俺が小学生の頃にハマっていたアニメだ。昔と言われるほど時間が経ってるとは思えないが、拓哉の世代からすれば生まれた時ぐらいの作品になるのだから仕方がない。
「見てみたいんだけど、DVD見れないんだ。デッキ壊れてて。理子もね、諦めろって言うんだけど、そんな面白いなら見てみたいじゃん?」
 理子は今年中学生になった拓哉の姉であり、過去に何度か面識はあった。肩で切りそろえられた髪と、ツンとした態度が印象的。周りが全員敵に見えているような、冷たさを感じるが、拓哉の前で違う。
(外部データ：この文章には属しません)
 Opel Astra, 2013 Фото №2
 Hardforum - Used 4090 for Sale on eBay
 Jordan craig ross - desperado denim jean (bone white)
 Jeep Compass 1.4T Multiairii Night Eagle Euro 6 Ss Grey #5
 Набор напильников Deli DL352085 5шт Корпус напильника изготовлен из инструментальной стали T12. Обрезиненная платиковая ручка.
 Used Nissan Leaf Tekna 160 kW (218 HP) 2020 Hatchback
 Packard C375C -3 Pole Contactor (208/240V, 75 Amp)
弟思いの心優しい姉。
「あ、今日もね、理子が来てくれるんだ。だからゲームしながら待ってようと思ってたんだ」
「早く来るといいな」
「うん」
 元気に、明るく。それが彼のモットーなんだと、この前教えてくれた台詞が蘇る。
 悲しませたくないと言っていた顔はどこまでも純粋な色で、綺麗に澄んでいた。
「拓哉」
 後方で聞こえたその声に、肩越しで振り返れば、ちょうど話題にあがっていた理子が白のセーラー服を身に纏って立っている。俺がいる事で、彼女の放つ雰囲気がピリピリしているように見えた。
「あ、理子。早かったね」
「まあね……ねえ、どっちが先に病室行けるか競争しようよ」
「俺がエレベーターで理子が階段?」
「そ。拓哉が勝ったらね、好きなお菓子買ってきてあげる」
「ほんと? 分かった、やる」
「うん、レディー……」
 その言葉が理子の口から言い終わる前に、拓哉が車椅子のタイヤに手をかけ勢いよく回していく。
「あ、拓哉ずるいよ!」
「いいの!」
 そう言ってにこにこ微笑む姿は、どこからどう見ても小学生の顔つきで、その無邪気さが廊下の角を曲がり消えていく。
「ゆっくりね! ゆっくりでいいんだから!」
 理子の声だけが、言葉の矛先である人物を失った廊下で響いていた。
 しん、と静まった時間が一瞬訪れ、彼女は「あの」とさっきまで拓哉に向けていた声色よりぐっと低くして話を切り出す。
「弟に近付かないでくださいって、前に言いましたよね」
 視線は拓哉の消えた場所で止まっている。俺を見ることなく、容赦ない一撃が放たれることは、一瞬訪れたあの静寂でなんとなく予感はしていた。
「たまたま会っただけだよ」
「それでも、すぐ離れてください。弟はあなたを好いてるようですけど、あの子にとってあなたは毒です。これ以上、近付かないでください」
 躊躇いがないその言葉は、以前言われた時よりも静かな憤りを感じた。ふつふつと、彼女の心で煮えているその感情は、いつ爆発してもおかしくないような泡立ちが見える。